Pelaksanaan vicon ini merupakan wujud perhatian dan kepedulian pimpinan terhadap kondisi serta moril prajurit di daerah penugasan, sekaligus sebagai sarana komunikasi langsung untuk menyampaikan arahan dan instruksi dari komando atas agar pelaksanaan tugas berjalan sesuai koridor dan ketentuan yang berlaku.
Dalam pengarahannya, Danyon Parako 472 Pasgat Letkol Pas Riwan Sugiyono, M.Han., yang didampingi Pjs Pasiops Kapten Pas Habel, menekankan sejumlah poin penting yang harus dipedomani seluruh prajurit. Di antaranya agar senantiasa memegang teguh nilai-nilai Sapta Marga, Sumpah Prajurit, serta Delapan Wajib TNI dalam setiap interaksi dengan masyarakat maupun pelaksanaan prosedur operasi di lapangan.

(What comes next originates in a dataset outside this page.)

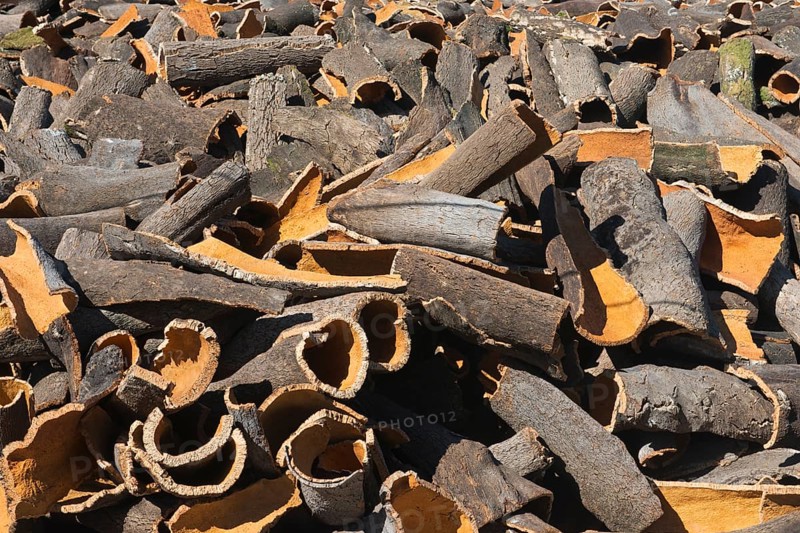 Peeled cork oak bark (Quercus suber)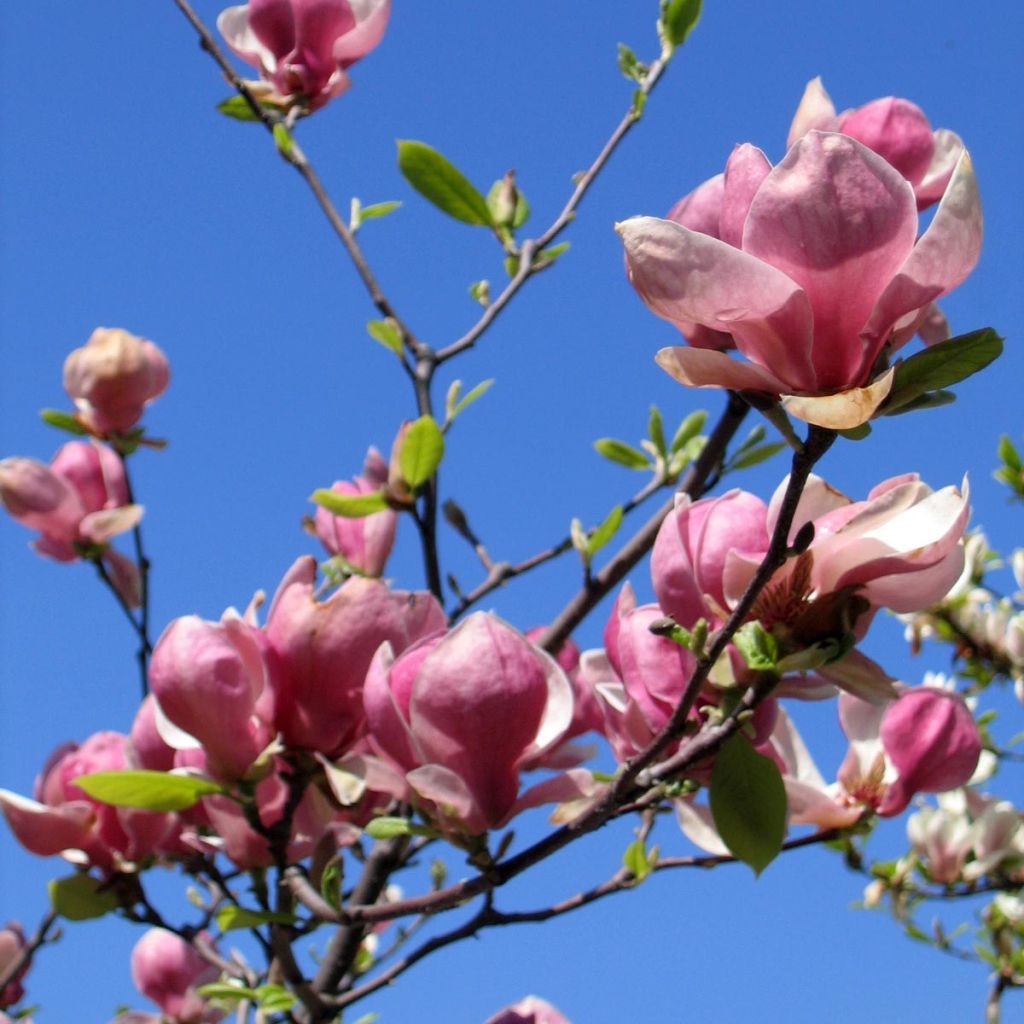 Magnolia soulangeana Lennei - Tulpen-Magnolie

Lebih lanjut, Danyon menegaskan pentingnya kewaspadaan dalam medan penugasan dengan selalu mengutamakan faktor keselamatan (safety), memperkuat kolaborasi dan kerja sama dengan satuan maupun instansi terkait, serta menghindari segala bentuk permasalahan yang dapat merugikan diri sendiri maupun satuan. Prajurit juga diingatkan untuk bekerja dengan sepenuh hati, ikhlas, penuh rasa tanggung jawab, serta senantiasa memberikan yang terbaik dengan tetap menjalankan hierarki dan prosedur sesuai ketentuan.
Selain itu, perhatian terhadap kesehatan dan kebugaran fisik, saling mengingatkan antar sesama prajurit, serta peningkatan ketakwaan kepada Tuhan Yang Maha Esa menjadi penekanan penting dalam pengarahannya. Danyon juga menegaskan agar seluruh prajurit senantiasa menjaga nama baik satuan dan kehormatan Korps Baret Jingga di manapun bertugas.
Menutup arahannya, Danyon Parako 472 Pasgat menegaskan bahwa tugas merupakan kehormatan bagi setiap prajurit, serta mengingatkan bahwa ada keluarga yang senantiasa menanti kepulangan para prajurit dengan rasa bangga di rumah.